WORK INSTRUCTION: Copy everything in the data below exactly except the pictures.

SUPPLIED MATERIAL:
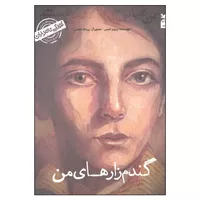 کتاب من عباس کیارستمی هستم اثر پرویز امینی انتشارات کانون پرورش فکری کودکان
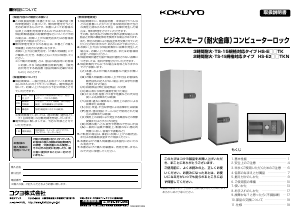 説明書 コクヨ HS-E272TKN 金庫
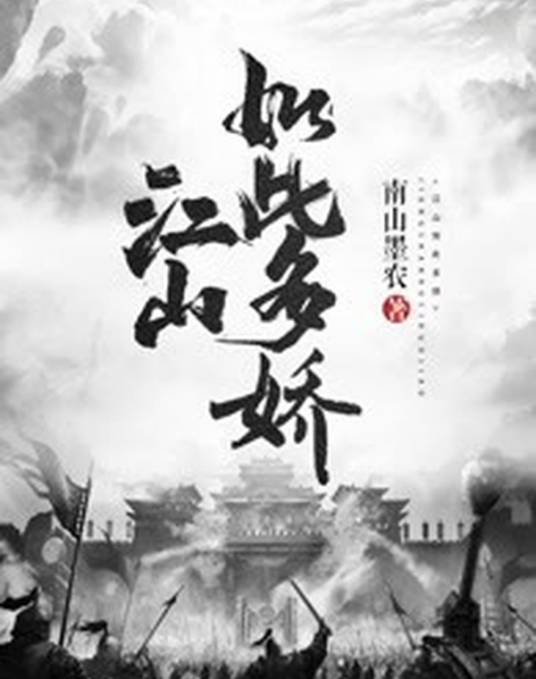江山如此多娇（南山墨农创作的武侠江湖类网络小说）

TASK ANSWER:
 کتاب من عباس کیارستمی هستم اثر پرویز امینی انتشارات کانون پرورش فکری کودکان
 説明書 コクヨ HS-E272TKN 金庫
江山如此多娇（南山墨农创作的武侠江湖类网络小说）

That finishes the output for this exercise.